I’ve previously described myself as a Christian who doesn’t go to church. This may or may not be a permanent part of my life: not going to church. Sometimes I miss the sorts of sermons that are like the best classroom lessons I’ve experienced, or I miss the lift in spirit I have previously felt when I raise my ugly singing voice within a congregation.
Recently, I attended a writing conference at Wesleyan University in Connecticut where O’Connor’s Mystery and Manners was often invoked. It’s book I had somehow not yet read, and while I waited for the copy I’d ordered to arrive, I browsed the library collection at St. John’s University in New York and came across O’Connor’s “The Church and the Fiction Writer.” It’s an essay that interests me from the standpoint of being a Christian who writes stories which often contain curse words, sex, and people doing ugly things to one another. It’s subject matter that might be tricky if I was teaching somewhere such as my fictional Pison Nazarene University and it’s also subject matter that is tricky when I’m talking with my parents about my work.
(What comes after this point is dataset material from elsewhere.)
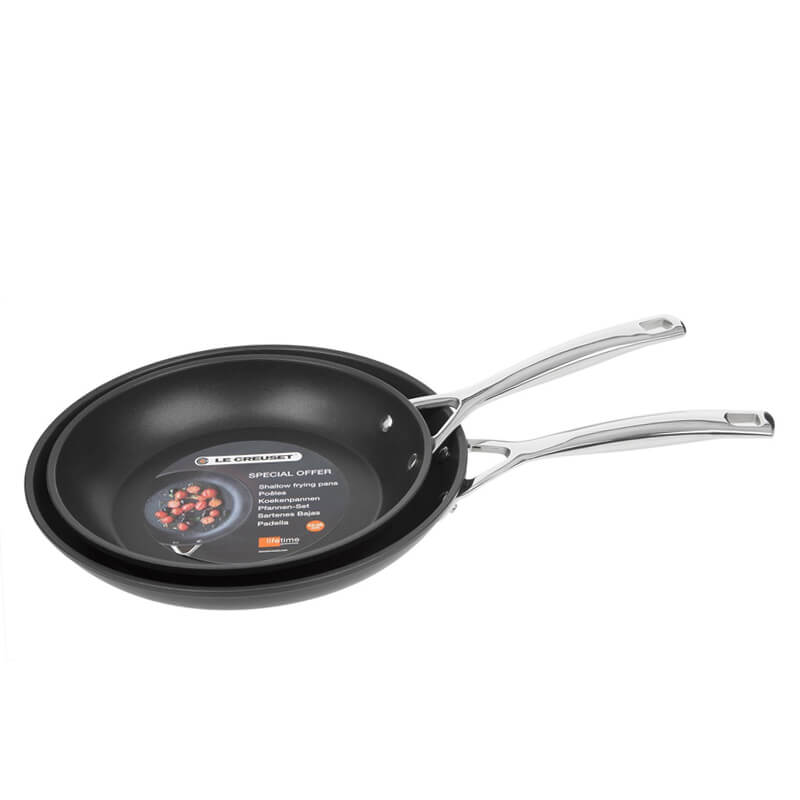 24 28 Cm Le Creuset Les Forgees Set Padelle Antiaderenti In Alluminio Set 2 Pz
As some of you might know, parents often weigh in with their thoughts no matter how old you get. I wouldn’t have it any other way.
I imagine O’Connor possibly responding in her essay to questions such as these:
- Why can’t you write a happy story? Why does there have to be cursing, violence, and sex?
- Why does there have to be so many shadows from your own life? Why can’t you just make everything up?
- Why do you have to write so much about the place you come from?
Here are some lines in bold I’ve plucked from O’Connor’s essay and a few of mine own thoughts which follow.
“The writer learns, perhaps more quickly than the reader, to be humble in the face of what-is.” Life works with my mind to give me ideas, people, and situations about which to write. I have those to choose from. I try to become the characters and report what happens in and out of minds. I try to point to spots in life that are interesting to me and so might tend to be interesting to some of you.
“A belief in fixed dogma cannot fix what goes on in life or blind the believer to it.” No matter your belief in God or no God, life is happening in front of you. Art such as O’Connor’s helps me to pay attention to life that I would have otherwise missed.
Perhaps partially in response to, “Why can’t you write about happy things?” O’Connor wrote this: An affirmative vision cannot be demanded of him (the writer) without limiting his freedom to observe what man has done with the things of God.
What would make a person fearful of reading fiction? It is when the individual’s faith is weak, not when it is strong, that he will be afraid of an honest fictional representation of life… O’Connor’s line evokes for me those who would never read Barack Obama or Bill O’Reilly. If they are one side, they can’t stand to hear the other.
Citation information:
O’Connor, Flannery. “The Church and the Fiction Writer.” Flannery O’Connor Collected Works. Comp. Sally Fitzgerald. New York: Literary Classics of the United States, 1988. Print.